_DIRECTIONS_
Taking the listing below, restate word for word each line from the line with "Elegante Bluse mit" to the line with "patriotic fabric with", ends included, and stop there.

_DATA FOR THIS EXERCISE_
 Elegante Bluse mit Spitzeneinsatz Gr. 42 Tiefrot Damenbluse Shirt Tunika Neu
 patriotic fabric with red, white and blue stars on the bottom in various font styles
==
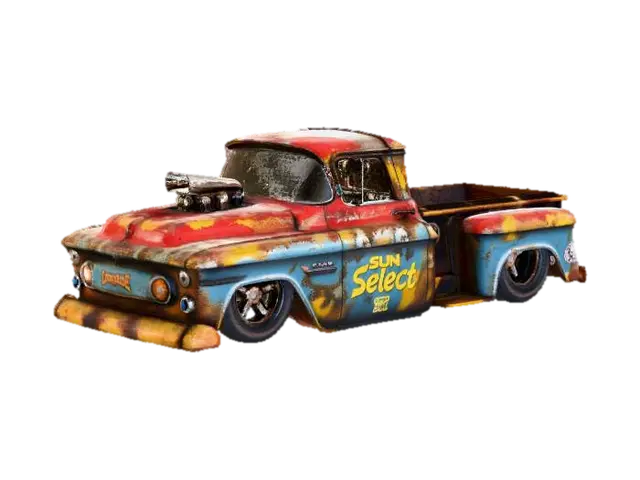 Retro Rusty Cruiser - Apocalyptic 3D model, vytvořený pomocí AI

_WRITTEN ANSWER_
 Elegante Bluse mit Spitzeneinsatz Gr. 42 Tiefrot Damenbluse Shirt Tunika Neu
 patriotic fabric with red, white and blue stars on the bottom in various font styles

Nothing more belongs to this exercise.